### Goal of the exercise
Copy exactly the last part of the listing below, beginning at the line that contains "أوللاي آيفون 17" and including the final line.

### Data to use

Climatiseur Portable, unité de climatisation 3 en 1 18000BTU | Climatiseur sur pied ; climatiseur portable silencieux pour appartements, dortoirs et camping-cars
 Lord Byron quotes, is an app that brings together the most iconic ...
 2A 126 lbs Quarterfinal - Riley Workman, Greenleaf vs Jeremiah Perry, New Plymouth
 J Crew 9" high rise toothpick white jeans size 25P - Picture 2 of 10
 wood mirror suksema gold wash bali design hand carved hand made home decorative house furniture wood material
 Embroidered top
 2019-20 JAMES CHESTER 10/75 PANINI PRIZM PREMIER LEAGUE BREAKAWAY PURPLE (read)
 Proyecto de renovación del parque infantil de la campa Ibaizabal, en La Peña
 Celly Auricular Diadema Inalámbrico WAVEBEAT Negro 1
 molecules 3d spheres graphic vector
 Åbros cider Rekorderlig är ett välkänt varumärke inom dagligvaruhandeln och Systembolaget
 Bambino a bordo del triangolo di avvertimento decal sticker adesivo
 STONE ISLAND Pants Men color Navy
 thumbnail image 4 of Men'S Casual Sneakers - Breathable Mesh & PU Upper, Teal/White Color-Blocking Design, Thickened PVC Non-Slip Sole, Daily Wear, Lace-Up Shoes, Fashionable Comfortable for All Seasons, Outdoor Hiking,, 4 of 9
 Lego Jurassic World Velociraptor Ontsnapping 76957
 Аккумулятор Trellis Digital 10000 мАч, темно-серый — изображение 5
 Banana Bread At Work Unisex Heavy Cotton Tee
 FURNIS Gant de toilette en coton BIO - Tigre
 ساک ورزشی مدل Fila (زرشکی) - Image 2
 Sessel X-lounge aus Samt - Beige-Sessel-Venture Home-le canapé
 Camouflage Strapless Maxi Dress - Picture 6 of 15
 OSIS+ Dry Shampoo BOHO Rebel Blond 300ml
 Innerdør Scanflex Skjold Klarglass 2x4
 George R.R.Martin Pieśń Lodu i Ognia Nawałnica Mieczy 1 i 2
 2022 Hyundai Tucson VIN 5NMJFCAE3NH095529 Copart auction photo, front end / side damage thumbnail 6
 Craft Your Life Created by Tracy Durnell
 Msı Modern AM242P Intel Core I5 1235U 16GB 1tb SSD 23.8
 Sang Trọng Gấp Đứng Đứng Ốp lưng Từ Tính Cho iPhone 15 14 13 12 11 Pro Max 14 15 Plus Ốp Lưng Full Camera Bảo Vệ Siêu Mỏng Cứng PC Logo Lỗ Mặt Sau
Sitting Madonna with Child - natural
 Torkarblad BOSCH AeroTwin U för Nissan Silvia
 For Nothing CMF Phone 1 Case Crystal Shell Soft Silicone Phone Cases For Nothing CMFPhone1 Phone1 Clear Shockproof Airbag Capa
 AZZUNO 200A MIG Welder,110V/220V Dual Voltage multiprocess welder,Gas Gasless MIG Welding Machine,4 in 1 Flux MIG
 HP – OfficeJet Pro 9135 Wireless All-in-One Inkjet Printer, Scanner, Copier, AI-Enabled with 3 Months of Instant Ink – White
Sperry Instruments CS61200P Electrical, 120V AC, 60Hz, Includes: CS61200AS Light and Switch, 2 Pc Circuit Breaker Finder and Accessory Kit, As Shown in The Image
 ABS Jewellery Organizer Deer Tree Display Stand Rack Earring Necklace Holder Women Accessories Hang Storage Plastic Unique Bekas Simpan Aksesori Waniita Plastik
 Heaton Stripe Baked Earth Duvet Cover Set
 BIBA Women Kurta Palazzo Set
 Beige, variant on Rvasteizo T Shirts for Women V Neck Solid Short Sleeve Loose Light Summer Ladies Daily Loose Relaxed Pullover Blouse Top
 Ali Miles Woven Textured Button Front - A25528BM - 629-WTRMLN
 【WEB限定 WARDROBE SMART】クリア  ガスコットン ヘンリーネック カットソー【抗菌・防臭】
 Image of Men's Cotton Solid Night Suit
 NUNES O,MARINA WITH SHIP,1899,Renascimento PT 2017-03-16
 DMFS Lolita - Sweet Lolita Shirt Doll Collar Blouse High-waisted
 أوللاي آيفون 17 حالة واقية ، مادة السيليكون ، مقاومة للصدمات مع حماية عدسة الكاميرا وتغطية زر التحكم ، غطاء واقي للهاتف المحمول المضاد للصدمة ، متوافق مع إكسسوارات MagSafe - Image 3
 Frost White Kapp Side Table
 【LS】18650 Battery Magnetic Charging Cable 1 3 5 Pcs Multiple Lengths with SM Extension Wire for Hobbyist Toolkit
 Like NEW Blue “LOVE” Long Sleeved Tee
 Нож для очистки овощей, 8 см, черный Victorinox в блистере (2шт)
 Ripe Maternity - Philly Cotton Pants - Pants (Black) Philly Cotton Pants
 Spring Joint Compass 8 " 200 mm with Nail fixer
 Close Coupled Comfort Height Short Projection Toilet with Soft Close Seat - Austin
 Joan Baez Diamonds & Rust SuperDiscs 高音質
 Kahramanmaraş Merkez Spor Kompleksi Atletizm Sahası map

### Response to the exercise
 أوللاي آيفون 17 حالة واقية ، مادة السيليكون ، مقاومة للصدمات مع حماية عدسة الكاميرا وتغطية زر التحكم ، غطاء واقي للهاتف المحمول المضاد للصدمة ، متوافق مع إكسسوارات MagSafe - Image 3
 Frost White Kapp Side Table
 【LS】18650 Battery Magnetic Charging Cable 1 3 5 Pcs Multiple Lengths with SM Extension Wire for Hobbyist Toolkit
 Like NEW Blue “LOVE” Long Sleeved Tee
 Нож для очистки овощей, 8 см, черный Victorinox в блистере (2шт)
 Ripe Maternity - Philly Cotton Pants - Pants (Black) Philly Cotton Pants
 Spring Joint Compass 8 " 200 mm with Nail fixer
 Close Coupled Comfort Height Short Projection Toilet with Soft Close Seat - Austin
 Joan Baez Diamonds & Rust SuperDiscs 高音質
 Kahramanmaraş Merkez Spor Kompleksi Atletizm Sahası map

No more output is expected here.